We moved him to a warmer room. I mean, the room he was in was freezing. The new house is a Georgian, high-ceilinged house with all of the original windows, which look lovely but need draught-proofing –  Ted’s room had two huge sets of windows and so it was basically like being outside! Despite his many layers, we were still worried about the temperature and so we moved him to a room on the top floor, which for some insane reason is like a totally different house and about three degrees warmer than anywhere else.

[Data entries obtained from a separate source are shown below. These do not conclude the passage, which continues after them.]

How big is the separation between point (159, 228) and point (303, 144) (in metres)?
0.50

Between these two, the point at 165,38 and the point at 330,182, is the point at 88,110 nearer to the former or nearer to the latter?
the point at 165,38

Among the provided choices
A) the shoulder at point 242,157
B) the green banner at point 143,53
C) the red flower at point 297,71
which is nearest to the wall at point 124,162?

We bought him a new cot. Not that there was actually anything wrong with the other cot, but it was an old one that my parents had lent us as a temporary fix, and it had a foamy, plastic-covered mattress that didn’t have much in the way of support. And I got sent a brilliant Eve mattress (yes, they do them in cot and cot-bed sizes!) but the cot was a weird size, something like 68cmx128cm and the Eve mattress didn’t fit. It was cheaper to buy a cot to fit the mattress (which is standard size) than try to get a mattress made for the cot. So I just picked up one of the no-frills wooden cots from Mothercare (it was seventy-something pounds, but I can’t find it online now, don’t know whether they discontinued it) as Angelica will soon be in a single bed and Ted will then have her cot, which turns into a cot-bed.

The Eve mattress is incredibly well-designed – you’ve probably seen the adult ones that come rolled up in a box when they’re delivered – and has pocket springs as well as a foam layer. It won an award in the Smallish Design Awards last year, which comes as no surprise as it’s pretty well thought-out. I particularly like the completely waterproof protective layer between the cover and the mattress itself – no unsightly stain marks from little accidents! You can read more about the Eve mattresses here.

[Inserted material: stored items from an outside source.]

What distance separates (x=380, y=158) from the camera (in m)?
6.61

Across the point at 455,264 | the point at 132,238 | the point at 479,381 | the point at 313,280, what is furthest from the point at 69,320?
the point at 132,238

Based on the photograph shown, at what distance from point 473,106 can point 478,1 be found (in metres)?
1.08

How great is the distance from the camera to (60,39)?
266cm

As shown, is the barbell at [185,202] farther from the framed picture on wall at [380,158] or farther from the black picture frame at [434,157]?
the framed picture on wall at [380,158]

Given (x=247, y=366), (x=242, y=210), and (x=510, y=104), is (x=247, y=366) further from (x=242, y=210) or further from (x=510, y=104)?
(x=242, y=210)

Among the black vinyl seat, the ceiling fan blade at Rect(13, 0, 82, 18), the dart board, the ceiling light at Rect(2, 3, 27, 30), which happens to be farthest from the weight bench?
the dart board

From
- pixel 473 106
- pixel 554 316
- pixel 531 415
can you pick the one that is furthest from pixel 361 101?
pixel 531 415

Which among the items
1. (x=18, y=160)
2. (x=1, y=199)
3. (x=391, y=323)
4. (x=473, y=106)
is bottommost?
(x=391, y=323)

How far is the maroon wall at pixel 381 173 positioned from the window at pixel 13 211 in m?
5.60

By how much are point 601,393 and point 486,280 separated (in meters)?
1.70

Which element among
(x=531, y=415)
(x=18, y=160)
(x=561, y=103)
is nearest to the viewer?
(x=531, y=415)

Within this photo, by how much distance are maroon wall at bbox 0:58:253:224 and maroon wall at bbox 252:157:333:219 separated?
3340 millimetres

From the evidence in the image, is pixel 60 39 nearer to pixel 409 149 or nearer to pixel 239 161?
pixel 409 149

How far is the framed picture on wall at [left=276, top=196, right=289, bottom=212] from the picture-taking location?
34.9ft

We added safe cot bumpers. Ted was always poking his arms through the bars in the cot and I’m sure he was getting them stuck and it was waking him up! But I was wary of getting bumpers as there were so many warnings against putting anything in or around the cot. I got sent a set of Airwrap mesh bumpers to try from JoJo Maman Bebe (£27 here) and they’re excellent – completely breathable, but still stop arms and legs from poking out of the gaps. The velcro fastenings are really secure (to the point where I can’t actually get them off!) and if a baby did press their face up against them, they allow maximum airflow.

nursery essentials

We installed a white noise machine. I say machine: that seems a cruel, heartless label for such a cute and cuddly owl. Angelica had the Whisbear, which is brilliant, but we’ve lost the noise-maker from inside it (we were using it in the car when Ted was newborn) and so I ordered Ollie the Owl from Gro at Amazon (£34.99 here*). If I had to do an Owl vs Whisbear fight, then the Whisbear would win on simplicity and also the fact that the bear is nice for them to cuddle and has weird magnetic legs that easily clamp on the side of the cot, but the owl would win on functionality. For a start, it has four white noises – or three and a lullaby tune – rather than the Whisbear’s one, and also a little glowing tummy. Two of the noises – lullaby and sshhh – are cry-activated, like the Whisbear’s. So once they’ve done their time (20 minutes), they turn off but restart if the baby cries. The owl from Gro is far easier to use in terms of the cry activation, I think, because you just have to turn on one of the options by clicking the left hand wing. I’m sure the Whisbear had an easy way of doing it, but I lost the instructions and could never bloody remember! Anyway, both are wonderful – you can read my Whisbear review here, or it’s £42.99 here*.

nursery essentials

We still use the same monitor for Ted – the old Angelcare one that my sister gave to me when I first had Angelica. It’s such a workhorse, it’s like the equivalent of a Nokia phone from the late nineties! The battery lasts an age, I’ve dropped the handset down the stairs about six times and it’s still going strong. It has a motion pad as well as room temperature display (obsessed with that, obviously) and the signal remains strong for quite a distance. The only thing it doesn’t have is video, which I’d quite like now that Ted is a bit further away, so I’m deliberating over whether to get a second mortgage and upgrade to this one*. Whew, pricey!

Joking aside, I would absolutely recommend the Angelcare monitors if you’re looking for one – the version we have now is here* and costs £70. It’s not the most elegant, but – as I said – it’s a workhorse, reliable and does the job.